TASK INSTRUCTIONS → Reproduce the listing below from the line with "a bedroom with a bed and a mirror on dresser" to the line with "Acoustic cutaway guitar", both lines included, character for character, minus any pictures.
--- DATA UNDER STUDY Enclosed Below ---
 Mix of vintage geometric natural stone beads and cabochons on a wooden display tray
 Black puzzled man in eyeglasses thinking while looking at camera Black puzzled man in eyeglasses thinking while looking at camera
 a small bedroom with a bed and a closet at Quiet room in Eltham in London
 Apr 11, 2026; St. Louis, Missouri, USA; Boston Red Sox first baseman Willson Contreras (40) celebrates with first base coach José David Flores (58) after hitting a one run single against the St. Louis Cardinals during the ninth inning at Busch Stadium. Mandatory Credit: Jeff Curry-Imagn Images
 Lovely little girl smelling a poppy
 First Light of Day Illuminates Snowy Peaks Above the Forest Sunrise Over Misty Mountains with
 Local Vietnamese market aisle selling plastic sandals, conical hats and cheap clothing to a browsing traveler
--- End of Enclosed DATA UNDER STUDY ---
--- DATA UNDER STUDY Enclosed Below ---
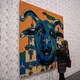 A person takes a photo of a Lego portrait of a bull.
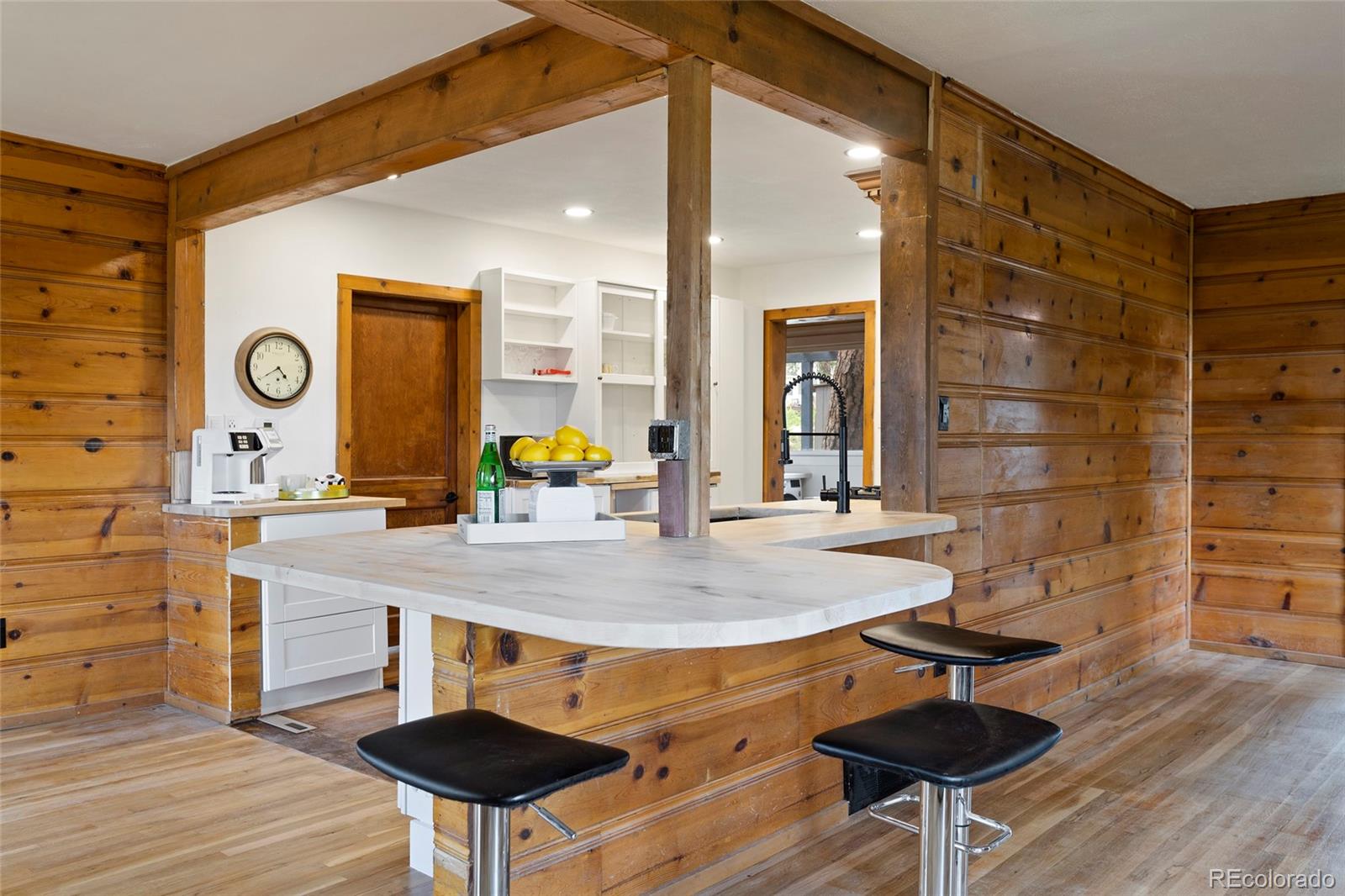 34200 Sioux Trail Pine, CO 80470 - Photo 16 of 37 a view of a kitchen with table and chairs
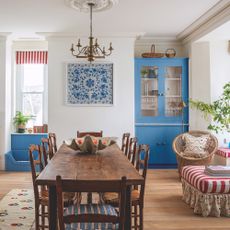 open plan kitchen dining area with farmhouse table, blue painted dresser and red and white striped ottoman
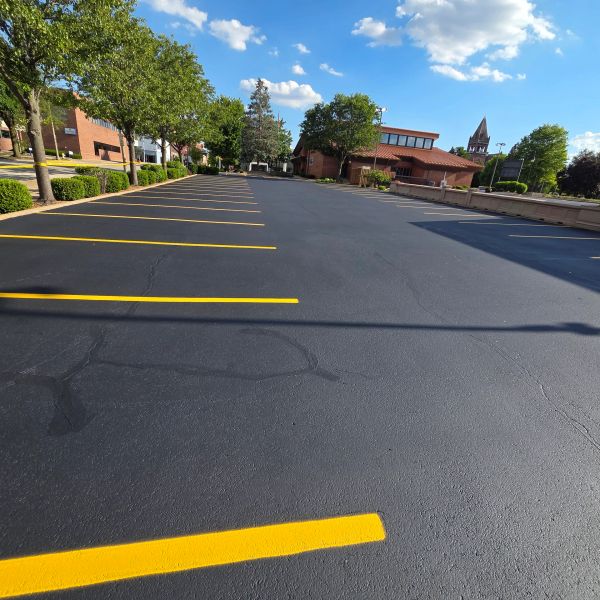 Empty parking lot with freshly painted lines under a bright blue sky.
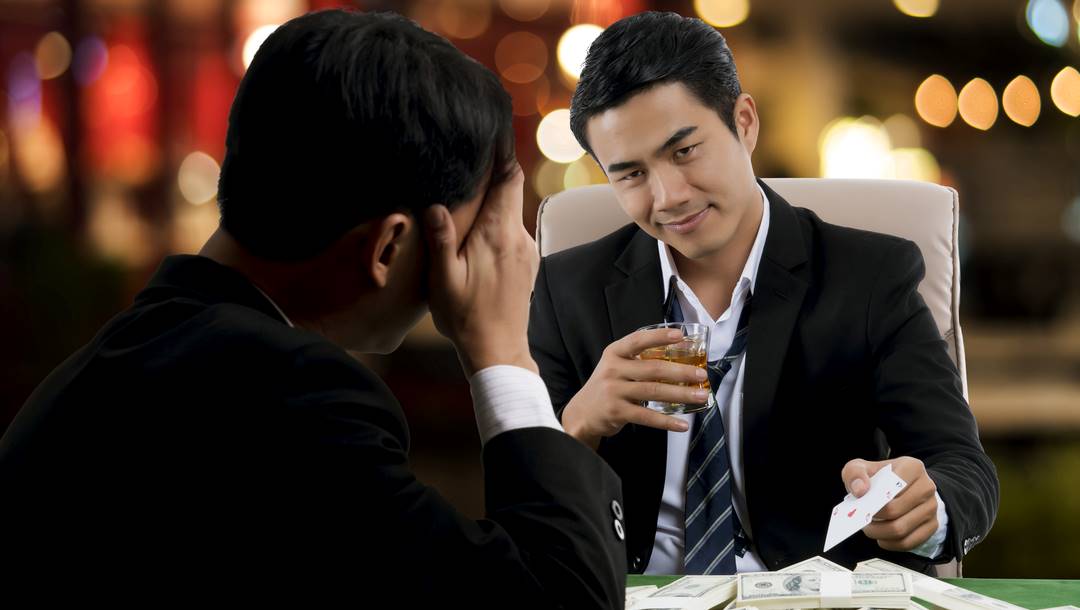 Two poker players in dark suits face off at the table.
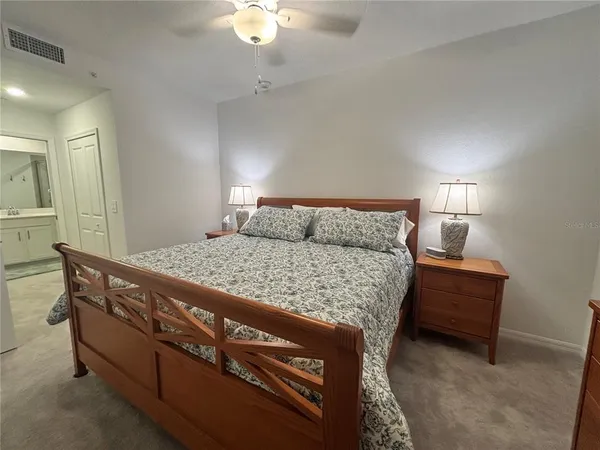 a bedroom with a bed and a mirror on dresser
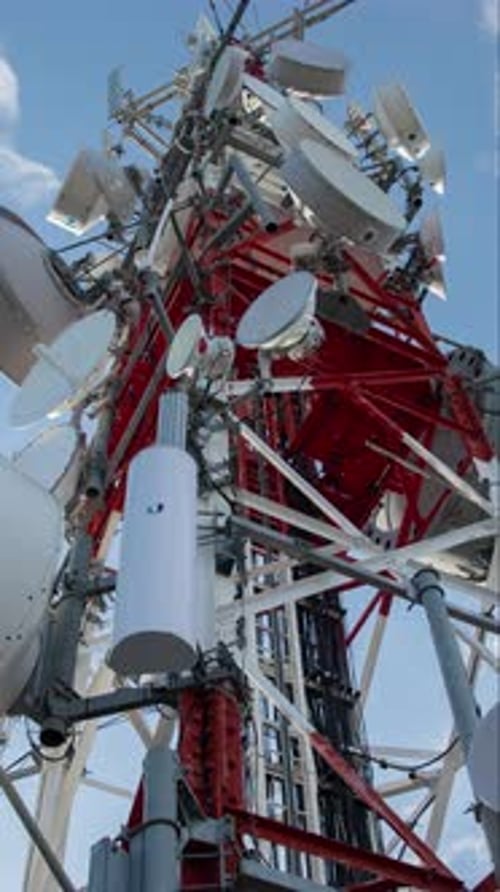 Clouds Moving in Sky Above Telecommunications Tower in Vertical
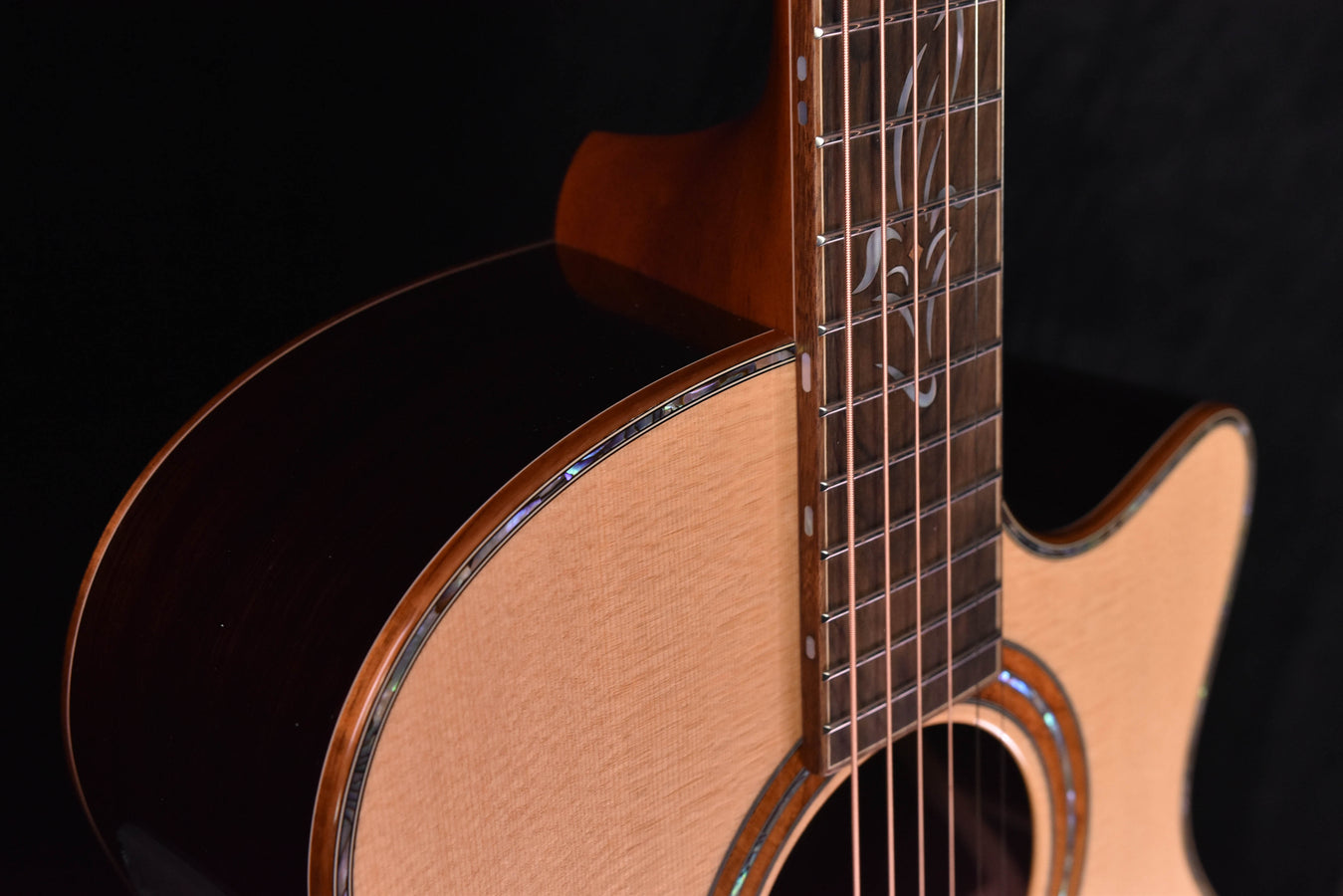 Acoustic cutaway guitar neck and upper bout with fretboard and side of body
--- End of Enclosed DATA UNDER STUDY ---
TASK RESPONSE →
 a bedroom with a bed and a mirror on dresser
 Clouds Moving in Sky Above Telecommunications Tower in Vertical
 Acoustic cutaway guitar neck and upper bout with fretboard and side of body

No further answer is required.